Mesmo nas canções românticas, ainda há espaço para dodie se expressar sobre a sua saúde mental e como ela afeta seus relacionamentos. É na música “Intertwined” que dodie canta: “Oh, I’m afraid of the things in my brain/ But we can stay here/ And laugh away the fear” [“Oh, eu tenho medo das coisas em meu cérebro/ Mas nós podemos ficar aqui/ E rir até o medo ir”]. Na mesma canção, dodie expõe o desejo e a esperança de que a pessoa que a acompanhou em momentos vulneráveis seja “a” pessoa, e que esse alguém não se importe com o seu lado “feio” e não a machuque.

“If I’m Being Honest”, por sua vez, “é sobre ter uma paquera e então se transformar em uma bagunça e se perguntar se essa pessoa vai gostar dessa bagunça”. Nessa composição, dodie também reflete sobre como os sentimento dos outros afeta a imagem que ela tem de si mesma: “I was told this is where I would start loving myself/ Flirting’s delicious, proved to be beneficial for mental health/ All of my best bits pulled forward, collected, displayed/ Sadly, I just think that I was disgusting today” [“Me disseram que era aqui que eu começaria a me amar/ É delicioso flertar, é provado que é bom para a saúde mental/ Todas as minhas melhores partes puxadas, coletadas e exibidas/ Infelizmente, eu apenas acho que eu estava repugnante hoje”].

Sem culpa

O mais recente single de dodie, Guiltless, foi escrito após uma sessão de terapia. A composição é uma das mais vulneráveis da carreira da cantora e aborda temas como trauma, ressentimento, perdão e família, que de acordo com os próprios relatos de dodie, costumam ser muito desconfortáveis para ela. Ao mesmo tempo, ela reconhece a necessidade de se expressar, dialogar, e até mesmo de conscientizar o seu público sobre ações positivas em relação a saúde mental. Porém, alguns equívocos foram feitos no meio do caminho: muitas vezes, no calor do momento, a artista fazia uso do seu Snapchat para desabafar, de forma espontânea, mas também irresponsável.

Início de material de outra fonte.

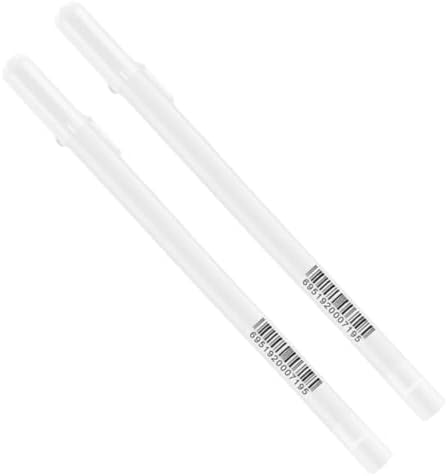 Touch Cool Canetas Gel Branca Profissional Ponta 0,8mm Kit com 2 ...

Em um vídeo em conjunto com sua amiga e colega de apartamento, Hazel Hayes, dodie comenta que muitos fãs a agradeceram por sua honestidade e transparência, mas que sua amiga Zannah a fez refletir um pouco mais sobre o assunto ao enviar uma mensagem sobre os perigos de compartilhar certas imagens ou abordar algumas situações sem no mínimo algum tipo de aviso de gatilho para o público.

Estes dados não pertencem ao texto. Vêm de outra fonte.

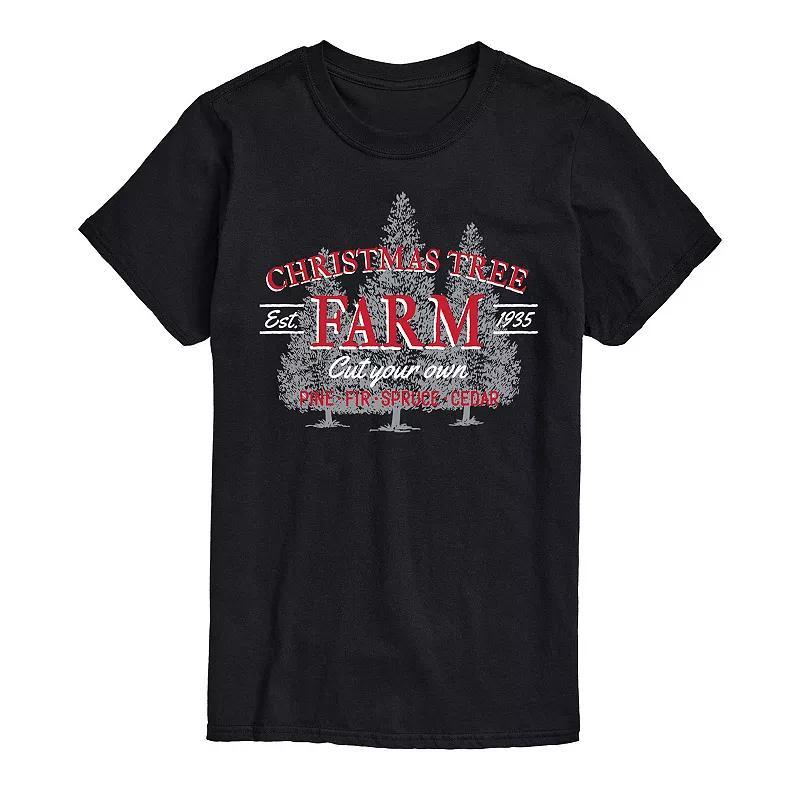 Mens Christmas Tree Farm Sign Tee Product Image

Após esse episódio, dodie passou a falar com maior frequência na internet sobre a importância de procurar ajuda profissional, como psicólogos e psiquiatras. Em setembro de 2017, por exemplo, a cantora e youtuber publicou em seu canal no YouTube um vlog na companhia de uma terapeuta profissional para discutir um de seus diagnósticos (desrealização e despersonalização) com maior responsabilidade e propriedade.

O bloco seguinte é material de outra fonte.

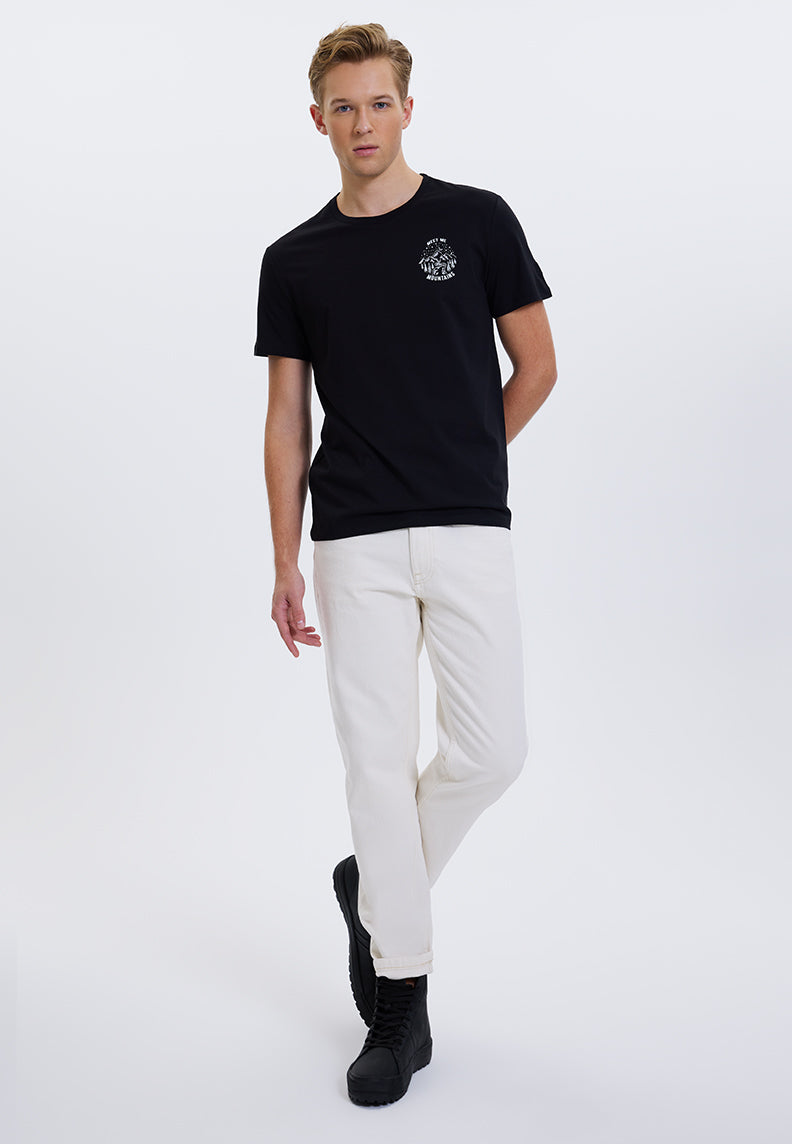 WMLINE MEET TEE in Black - T-Shirt - Westmark London EU(TR) Store Organik Pamuklu Sürdürülebilir Moda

É possível perceber acompanhando a carreira de dodie que a arte nos ajuda a nos expressar e até a nos conhecer melhor; que a conversa com pessoas próximas nos apresenta outras perspectiva e alivia a dor; e que o compartilhamento de experiências pode auxiliar muito na conscientização acerca de temas delicados. Mas talvez o mais importante no desenvolvimento da cantora e youtuber, tanto em suas canções quanto em seus vídeos, seja a percepção de que ela não está sozinha, que pedir e aceitar ajuda é necessário, que os altos e baixos fazem parte da vida, e que há esperança para um amanhã melhor. Algo que todas nós podemos levar para nossas vidas.